We must accept that our economic activity does not take place in a closed physical system. Even on a global scale we receive low entropy energy from the Sun daily, and free of charge. This very fact makes our land valuable and productive and allows humans to live, but rarely does it appear in econometric models.

The impact of sunlight upon the earth is that of the external input of energy into a physical system that we reviewed earlier. With this idea in mind, it becomes increasingly obvious that it is the free energy of the sun that must in some form or other be consumed in order to combat the increase of entropy in earth bound structures and allow the enjoyment of life to proceed. For example, it is the sunlight of past millennia that allows man to increase his enjoyment of life through the burning of coal. It is the sunlight of the present that allows him to grow crops and experience the seasons.

If society aims for higher levels of enjoyment, it may do so by consuming greater amounts of past sunlight, or catching present sunlight in a more efficient way. Each approach will inevitably result in an increase of entropy in the system that is comprised of Sun and earth, but the effects of that increased entropy are to be seen in different places. Few on earth care for the higher entropy that results in the Sun as it converts hydrogen into helium. Far more of us care for global warming as coal is burnt to fire our power stations. Here in a nutshell is the environmental choice that faces our modern world. It is a choice that pits sustainable development against un-sustainable development, renewable resource against non-renewable resource.

The Guardian leader page from March 25th. 1995 comments :
Global warming is, above all, an index of the rate at which the world squanders its resources and of the resulting disturbance to natural ecological balances maintained for millions of years. No one can seriously deny that energy is now being consumed on a scale never achieved by humanity before. The only question - and it is the critical one - is whether it can be stopped and how.

I contend that fresh air, clean rivers and a stable climate have a high priority in society's hierarchy of wants, but that society may not fully realise their value until they have been lost for ever. If such a gloomy outcome does materialise it will be in part due to the striving of mankind to supplement a flow of sunlight energy that is now deemed insufficient to meet his requirements for the enjoyment of life. As decades pass, the entropic consequences of this new avarice grow ever clearer.

My proposition is that the conventions of the modern interest based financial system ignore the fact of entropy in the physical system. In so doing, such conventions may actually encourage entropy to increase faster in our environment. Elsewhere on this web site, I have illustrated this phenomenon with a simple example from the world of discounted cash-flow analysis. One of the pertinent issues that arises from that illustration relates to the real interest rate, as follows.

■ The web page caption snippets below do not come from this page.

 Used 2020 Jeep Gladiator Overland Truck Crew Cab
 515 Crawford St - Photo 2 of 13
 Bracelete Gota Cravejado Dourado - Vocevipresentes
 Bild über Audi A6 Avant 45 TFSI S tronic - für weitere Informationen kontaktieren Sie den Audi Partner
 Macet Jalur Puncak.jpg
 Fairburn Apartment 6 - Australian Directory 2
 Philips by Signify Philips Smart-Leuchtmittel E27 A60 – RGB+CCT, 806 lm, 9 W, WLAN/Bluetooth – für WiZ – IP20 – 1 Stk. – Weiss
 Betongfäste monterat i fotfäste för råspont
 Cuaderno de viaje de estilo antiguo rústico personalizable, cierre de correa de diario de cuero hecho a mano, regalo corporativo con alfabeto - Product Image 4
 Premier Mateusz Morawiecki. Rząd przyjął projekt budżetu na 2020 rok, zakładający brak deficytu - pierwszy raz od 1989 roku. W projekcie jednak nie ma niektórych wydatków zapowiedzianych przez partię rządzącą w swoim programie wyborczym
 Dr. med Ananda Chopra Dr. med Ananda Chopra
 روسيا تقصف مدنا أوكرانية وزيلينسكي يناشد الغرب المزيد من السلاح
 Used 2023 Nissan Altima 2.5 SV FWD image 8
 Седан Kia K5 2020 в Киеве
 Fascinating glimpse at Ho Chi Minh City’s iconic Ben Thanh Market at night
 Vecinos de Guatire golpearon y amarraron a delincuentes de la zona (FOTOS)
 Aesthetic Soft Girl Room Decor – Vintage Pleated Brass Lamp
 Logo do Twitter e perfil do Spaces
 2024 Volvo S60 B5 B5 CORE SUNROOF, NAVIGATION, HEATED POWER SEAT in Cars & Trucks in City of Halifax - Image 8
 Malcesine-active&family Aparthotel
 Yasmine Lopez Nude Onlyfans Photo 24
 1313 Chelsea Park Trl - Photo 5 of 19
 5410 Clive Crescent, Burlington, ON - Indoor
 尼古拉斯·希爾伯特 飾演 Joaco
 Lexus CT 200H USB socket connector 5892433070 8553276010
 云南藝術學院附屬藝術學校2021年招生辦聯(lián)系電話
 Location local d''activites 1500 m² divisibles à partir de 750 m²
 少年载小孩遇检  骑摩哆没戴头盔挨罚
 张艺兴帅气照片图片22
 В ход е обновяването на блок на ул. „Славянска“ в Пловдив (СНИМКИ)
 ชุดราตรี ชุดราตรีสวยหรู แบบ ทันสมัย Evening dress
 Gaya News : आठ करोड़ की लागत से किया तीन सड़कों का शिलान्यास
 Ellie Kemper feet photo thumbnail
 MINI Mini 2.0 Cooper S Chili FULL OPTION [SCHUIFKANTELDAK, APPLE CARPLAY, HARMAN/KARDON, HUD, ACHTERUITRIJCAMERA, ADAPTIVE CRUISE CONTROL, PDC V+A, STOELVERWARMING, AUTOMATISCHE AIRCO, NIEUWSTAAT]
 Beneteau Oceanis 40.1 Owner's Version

In a simple barter economy, an individual would hold surplus wealth in the form of physical assets. Depending upon the nature of the asset, there is no way for such an individual to avoid certain costs related to the storage of that wealth. A further cost may arise over time since the quality of the stored assets will be subject to the fact that entropy is increasing. Of course the owner of such wealth may decide instead to lend it to an individual who wishes to engage in a productive process of some kind. The costs associated with holding those assets may not seem to be a disadvantage from a borrower's point of view if a profit can be made when, say, a borrowed ox ploughs a field. It is however important to consider exactly what kind of ox such a borrower must repay. Should it be the same ox that was borrowed, or should it be an ox equal in age and health to the one that first left the lender's farm?

In a modern interest based economy, £100 borrowed must be repaid to the sum of £100 plus interest. In so structuring our financial conventions we are effectively saying that an ox equal in age and health to the original must be repaid, plus interest. One flaw in such a convention is that the lender of the ox passes on, to the borrower, costs which he himself would otherwise have had to bear. £100 of money lent at interest does not obey the same law as the £100 of physical assets that such money must buy in order to fund the interest charge. As Frederick Soddy would put it, in the application of compound interest, a given monetary value can merrily march the path of geometric increment towards infinity. Due to increasing entropy, physical wealth follows the path of compound decrement toward, but never quite reaching, zero. The parallel within our barter economy is that whilst our financier may store his assets and find upon later inspection that they have deteriorated, in a loan transaction those very assets may exist for him merely as a non-depreciating entry on a loan document.

In Money versus Man (1933), Soddy comments :
'... the ruling passion of the age is to convert wealth into debt in order to derive a permanent future income from it - to convert wealth that perishes into debt that endures, debt that does not rot, costs nothing to maintain, and brings in perennial interest'.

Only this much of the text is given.